** Opening SUPPLIED RECORDS block **
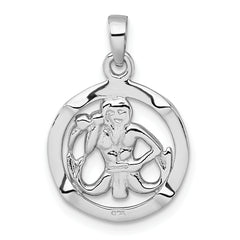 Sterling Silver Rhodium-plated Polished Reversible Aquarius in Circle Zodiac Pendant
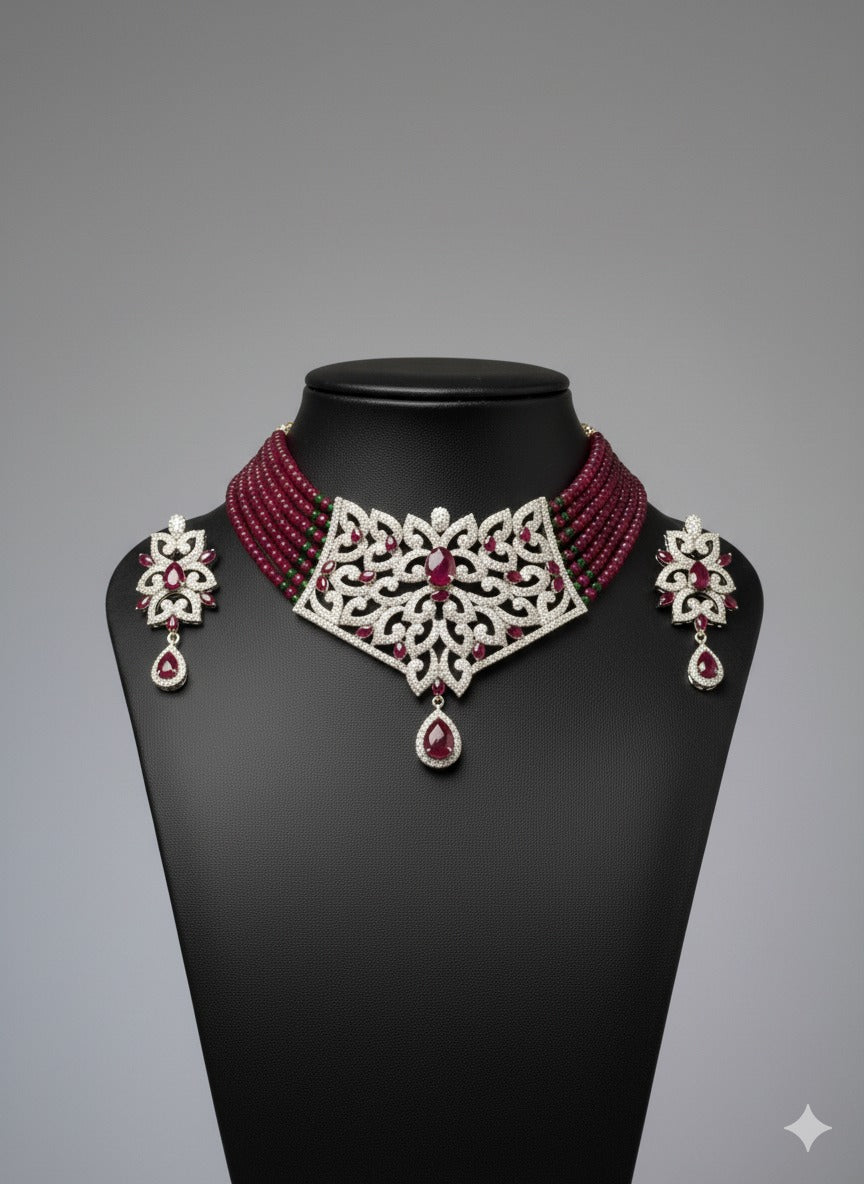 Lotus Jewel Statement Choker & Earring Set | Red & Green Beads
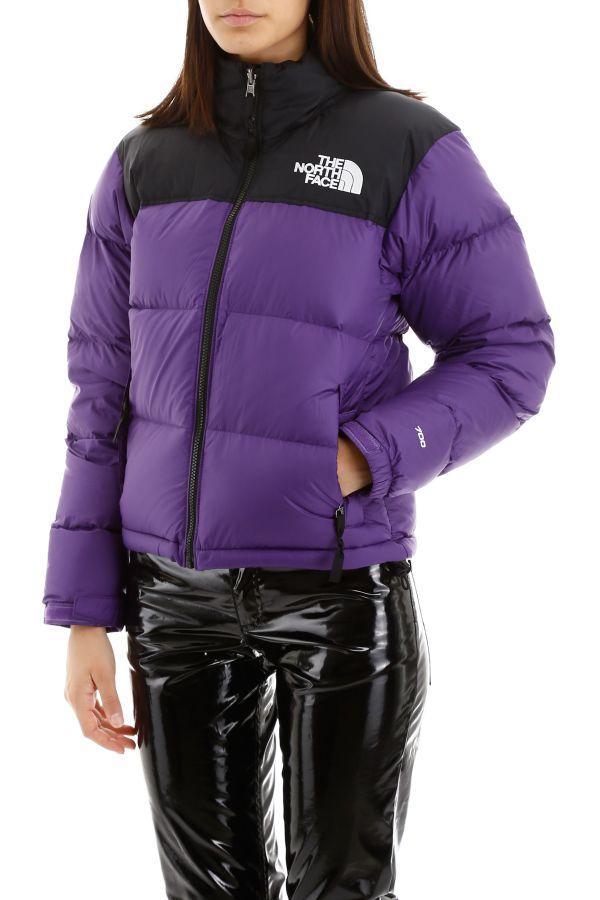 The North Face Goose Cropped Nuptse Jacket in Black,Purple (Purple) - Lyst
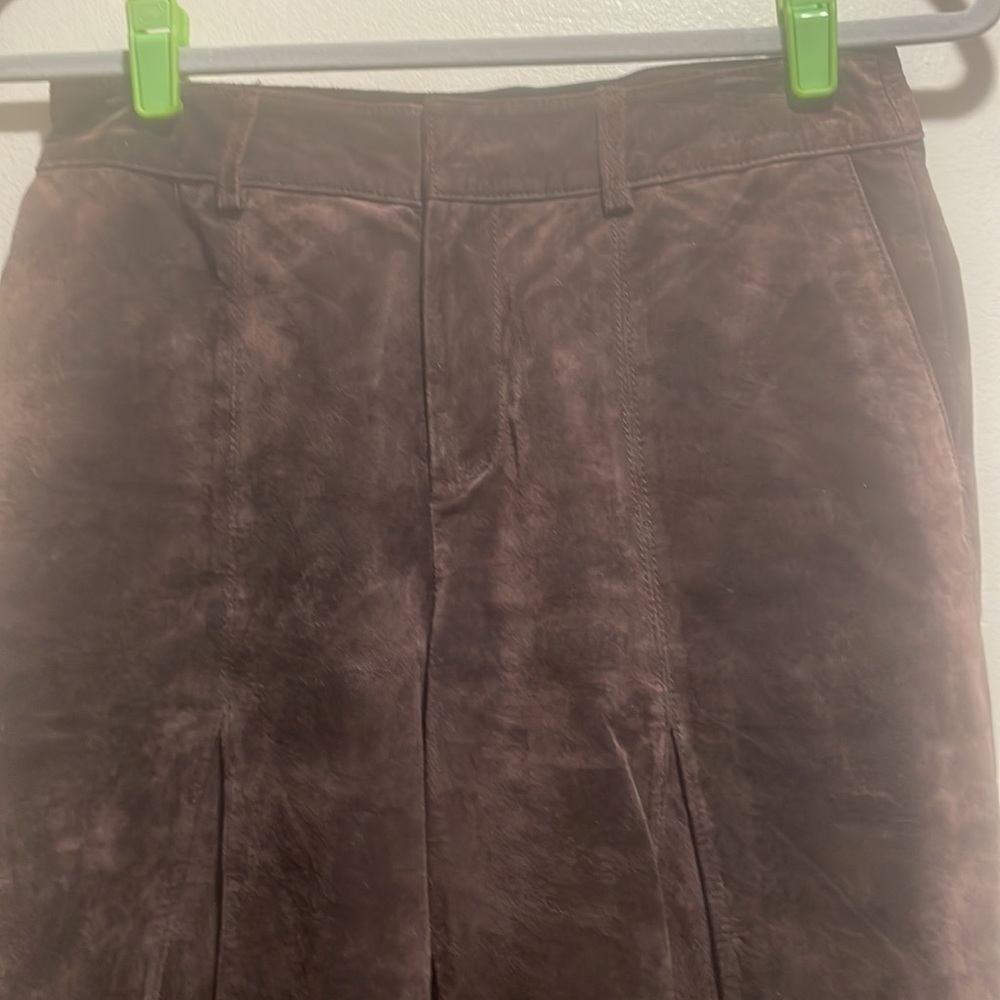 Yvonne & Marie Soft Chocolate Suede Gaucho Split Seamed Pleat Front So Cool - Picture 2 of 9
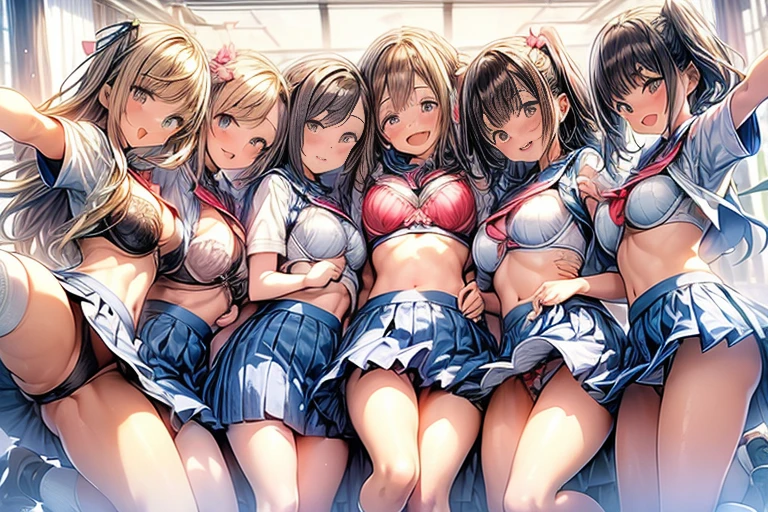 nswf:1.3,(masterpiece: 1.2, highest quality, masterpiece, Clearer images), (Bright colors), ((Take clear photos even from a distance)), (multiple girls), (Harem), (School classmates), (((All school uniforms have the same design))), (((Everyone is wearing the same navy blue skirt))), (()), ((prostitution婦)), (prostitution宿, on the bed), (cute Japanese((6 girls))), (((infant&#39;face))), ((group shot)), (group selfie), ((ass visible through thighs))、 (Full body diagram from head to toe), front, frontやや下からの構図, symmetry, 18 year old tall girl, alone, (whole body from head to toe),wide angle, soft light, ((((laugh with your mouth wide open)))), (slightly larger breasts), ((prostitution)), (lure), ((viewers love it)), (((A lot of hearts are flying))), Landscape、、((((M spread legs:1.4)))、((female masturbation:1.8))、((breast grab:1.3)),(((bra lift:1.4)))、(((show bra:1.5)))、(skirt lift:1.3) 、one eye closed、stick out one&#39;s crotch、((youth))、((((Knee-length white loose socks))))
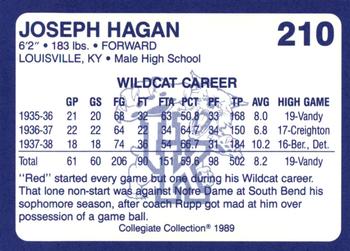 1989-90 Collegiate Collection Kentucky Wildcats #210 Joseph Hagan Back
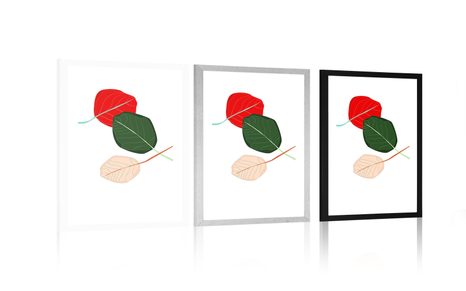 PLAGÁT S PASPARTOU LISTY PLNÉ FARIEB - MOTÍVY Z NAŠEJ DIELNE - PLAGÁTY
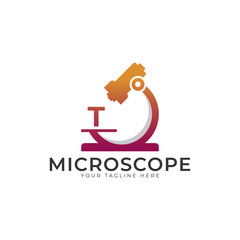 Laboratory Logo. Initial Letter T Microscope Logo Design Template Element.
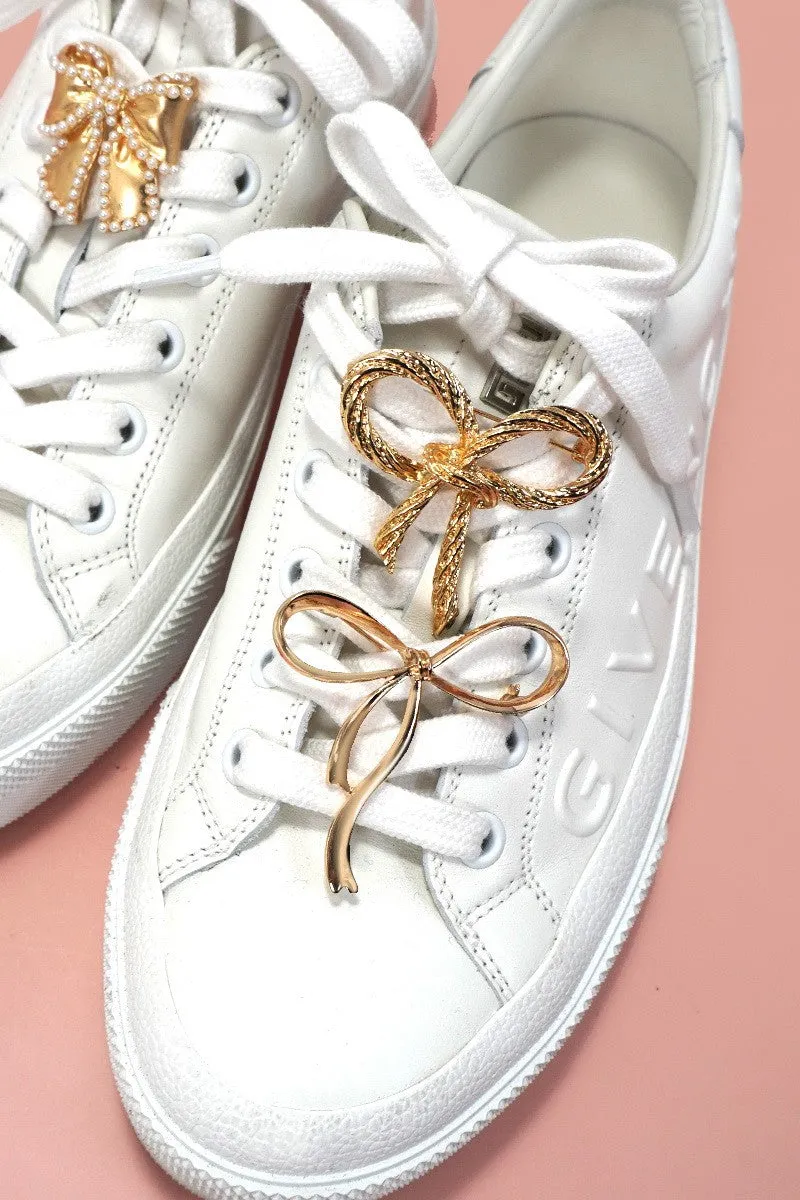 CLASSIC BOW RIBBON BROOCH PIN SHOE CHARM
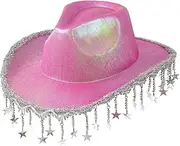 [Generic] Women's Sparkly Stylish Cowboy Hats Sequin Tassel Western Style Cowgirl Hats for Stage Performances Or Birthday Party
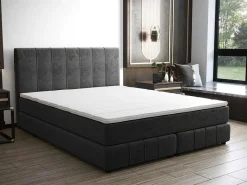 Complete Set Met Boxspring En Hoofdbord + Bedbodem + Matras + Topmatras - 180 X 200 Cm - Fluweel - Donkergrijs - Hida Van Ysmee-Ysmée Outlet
** Closing SUPPLIED RECORDS block **
» **ABOUT THIS TASK**:
Although pictures appear among the records above, none are to be output; print exactly the lines from the line containing "Yvonne & Marie" through the line containing "1989-90 Collegiate Collection".

» **ANSWER**:
 Yvonne & Marie Soft Chocolate Suede Gaucho Split Seamed Pleat Front So Cool - Picture 2 of 9
 nswf:1.3,(masterpiece: 1.2, highest quality, masterpiece, Clearer images), (Bright colors), ((Take clear photos even from a distance)), (multiple girls), (Harem), (School classmates), (((All school uniforms have the same design))), (((Everyone is wearing the same navy blue skirt))), (()), ((prostitution婦)), (prostitution宿, on the bed), (cute Japanese((6 girls))), (((infant&#39;face))), ((group shot)), (group selfie), ((ass visible through thighs))、 (Full body diagram from head to toe), front, frontやや下からの構図, symmetry, 18 year old tall girl, alone, (whole body from head to toe),wide angle, soft light, ((((laugh with your mouth wide open)))), (slightly larger breasts), ((prostitution)), (lure), ((viewers love it)), (((A lot of hearts are flying))), Landscape、、((((M spread legs:1.4)))、((female masturbation:1.8))、((breast grab:1.3)),(((bra lift:1.4)))、(((show bra:1.5)))、(skirt lift:1.3) 、one eye closed、stick out one&#39;s crotch、((youth))、((((Knee-length white loose socks))))
 1989-90 Collegiate Collection Kentucky Wildcats #210 Joseph Hagan Back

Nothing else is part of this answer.